Early (left) and late (right) phases of fundus fluorescein angiogram showing a leak typical of CSR in the right eye at presentation.

Figure 2
figure 2

Fluorescein angiogram of right eye 12 weeks after stopping oral steroids showing a small window defect.

Comment

This case represents the occurrence of CSR following high-dose systemic steroid therapy following a severe eye trauma. Central serous choroidoretinopathy is attributed to the disruption of the ionic pump of the RPE cells or owing to hyperpermeability of the choroidal vasculature. Glucocorticoids cause CSR probably because of increasing cAMP of RPE cells, and hence changing the ionic pump function or by altering the permeability of the blood aqueous barrier and disrupting the outer blood retinal barrier.3 Retrolental flare with few cells observed in this case could have been owing to breakdown of the blood aqueous barrier.

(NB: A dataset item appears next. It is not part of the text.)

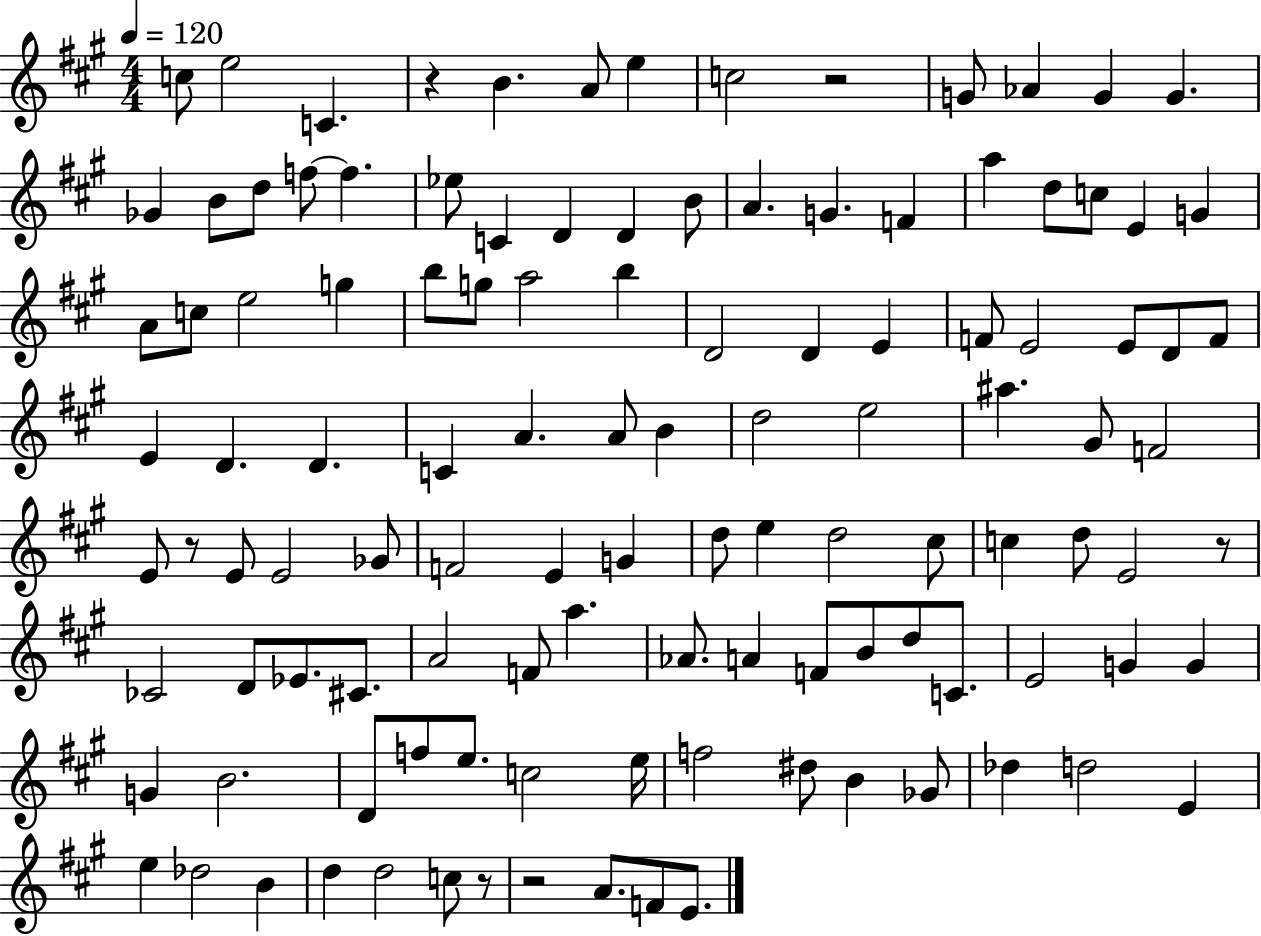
C5/e E5/h C4/q. R/q B4/q. A4/e E5/q C5/h R/h G4/e Ab4/q G4/q G4/q. Gb4/q B4/e D5/e F5/e F5/q. Eb5/e C4/q D4/q D4/q B4/e A4/q. G4/q. F4/q A5/q D5/e C5/e E4/q G4/q A4/e C5/e E5/h G5/q B5/e G5/e A5/h B5/q D4/h D4/q E4/q F4/e E4/h E4/e D4/e F4/e E4/q D4/q. D4/q. C4/q A4/q. A4/e B4/q D5/h E5/h A#5/q. G#4/e F4/h E4/e R/e E4/e E4/h Gb4/e F4/h E4/q G4/q D5/e E5/q D5/h C#5/e C5/q D5/e E4/h R/e CES4/h D4/e Eb4/e. C#4/e. A4/h F4/e A5/q. Ab4/e. A4/q F4/e B4/e D5/e C4/e. E4/h G4/q G4/q G4/q B4/h. D4/e F5/e E5/e. C5/h E5/s F5/h D#5/e B4/q Gb4/e Db5/q D5/h E4/q E5/q Db5/h B4/q D5/q D5/h C5/e R/e R/h A4/e. F4/e E4/e.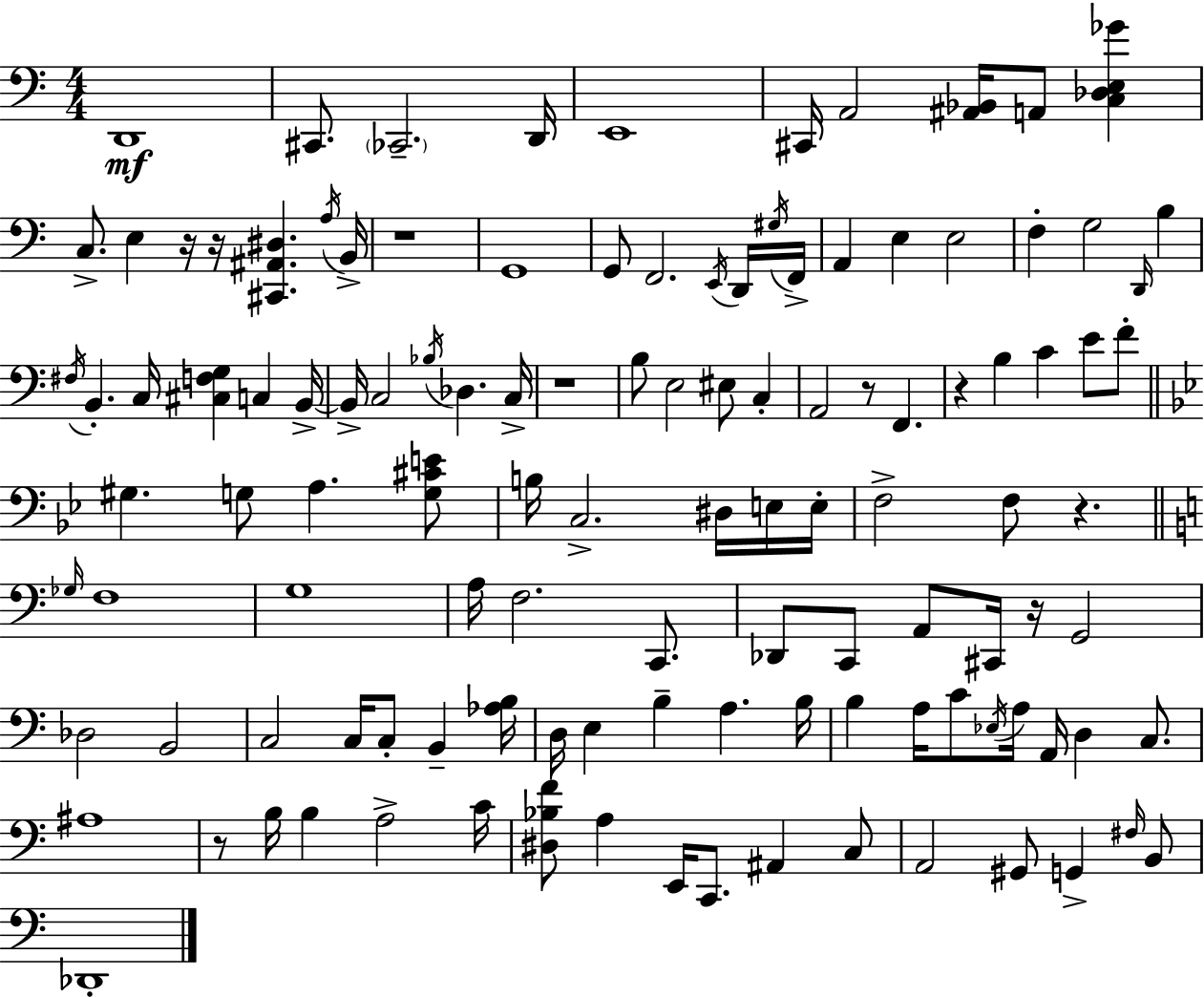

This case raises the question of whether prophylactic steroid therapy for sympathetic ophthalmia is justified particularly when it has been reported not to be foolproof.4 It highlights the importance of considering CSR masquerading as sympathetic ophthalmia in such situations. Clinical improvement following tapering of steroids supports the diagnosis.

We wish to emphasise the importance of fundus FA in investigating patients at risk for sympathetic ophthalmia who present with diminished vision in the fellow eye. Ophthalmologists must be aware of the possibility of CSR precipitated by stress and steroids as in this case, as the management of CSR is completely different from that of sympathetic ophthalmia and the use of corticosteroids in such a case can be detrimental.